Nesse caso, será interessante ver como o advogado-geral da União, André Mendonça, tentará se equilibrar entre a missão de defender os pontos de vistas do chefe e ainda sim ter o apoio das igrejas para ser o indicado “terrivelmente evangélico” à próxima vaga do STF. O caminho mais fácil que ele terá para percorrer acabará sendo a fundamentação segundo a qual a maioria da população já se manifestou em 2005 contra a proibição da comercialização de armas e munições e ainda hoje mantém majoritariamente essa posição.
Mendonça já precisou advogar sobre esse tema quando comandou a AGU pela primeira vez, antes de ser nomeado ministro da Justiça. Sua recolocação na posição original foi, inclusive, um dos lances centrais da estratégia de refundação executada no fim do mês passado.
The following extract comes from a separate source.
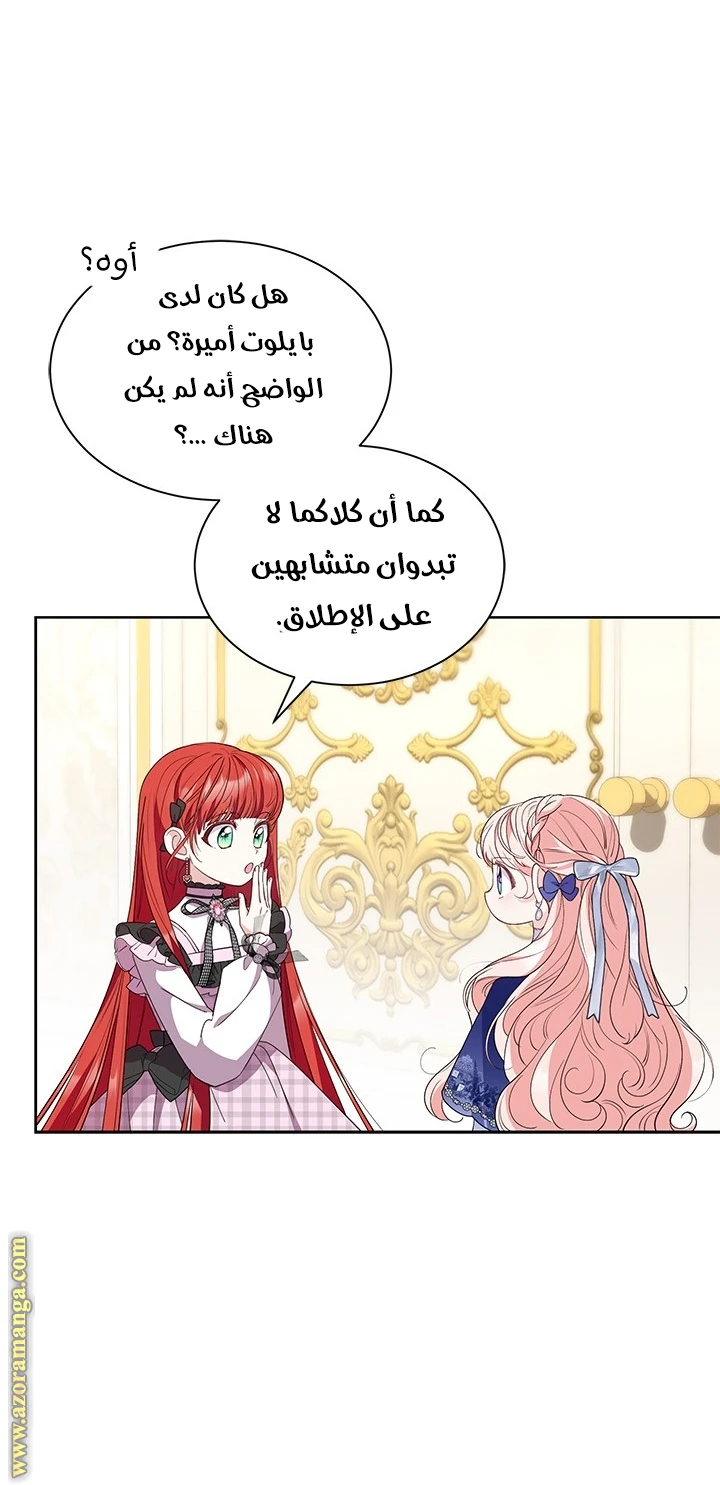 الصفحة 17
O substituto, Anderson Torres, foi alçado do posto de secretário do Distrito Federal justamente em meio ao temor no governo de que a crise sanitária, depois de se tornar uma crise socioeconômica, possa ganhar os contornos de uma crise de segurança pública.
Torres é delegado da Polícia Federal e possui experiência na área, além de bom trânsito no meio político. Em seu discurso de posse, destacou que a Justiça e a Segurança Pública são a espinha dorsal da paz e da tranquilidade da nação, principalmente em meio a uma crise sanitária mundial com impactos na economia e na qualidade de vida dos cidadãos. Ele sublinhou que se deve garantir o “ir e vir sereno e pacífico”, para então emendar: “A Segurança Pública foi uma das principais bandeiras da sua eleição e ela voltará a tremular alta e imponente”. Foi um discurso direcionado ao setor, mas também para os agentes políticos.
Já a nomeação da deputada Flávia Arruda (PL-DF) pode ter o condão de manter Bolsonaro próximo do próprio PL e do PP, de onde o presidente pode tirar seu candidato a vice e garantir mais tempo de televisão para a campanha.
Bolsonaro gosta de dizer que foi eleito sem dinheiro e tempo de propaganda em 2018. Mesmo assim, até seus aliados concordam com a tese de que sua eleição resultou de uma conjunção de fatores de difícil reedição. O campo adversário busca se fortalecer nas redes sociais. E o presidente pode precisar se expor em debates e ter mais tempo de TV para defender as realizações de seu governo.
Até agora, porém, a reforma ministerial ainda não conseguiu acabar com a desarticulação crônica da administração federal, origem de grande parte dos desgastes sofridos pelo Executivo. O impasse relacionado ao Orçamento deste ano, por exemplo, é uma dessas turbulências gestadas dentro do próprio Executivo.
A preocupação de Bolsonaro com a possibilidade de o aumento da miséria provocar distúrbios sociais também se remete, em parte, a essas divergências internas.
É preciso pontuar que o governo demorou muito para editar uma medida provisória e estabelecer o novo benefício emergencial. Milhões de brasileiros receberão um auxílio emergencial menor e muito mais tarde do que suas famílias podem suportar. Os saques em dinheiro só terão início em maio. Quem nasceu em dezembro só poderá colocar as mãos no dinheiro em junho, e as últimas parcelas estão previstas para setembro. Isso não tem nada a ver com o que o STF decidiu sobre a autonomia dos entes subnacionais para combater a pandemia nem com as medidas de isolamento adotadas por governadores ou prefeitos. Os demais Poderes não podem ser culpados pela morosidade e desarticulação do Executivo.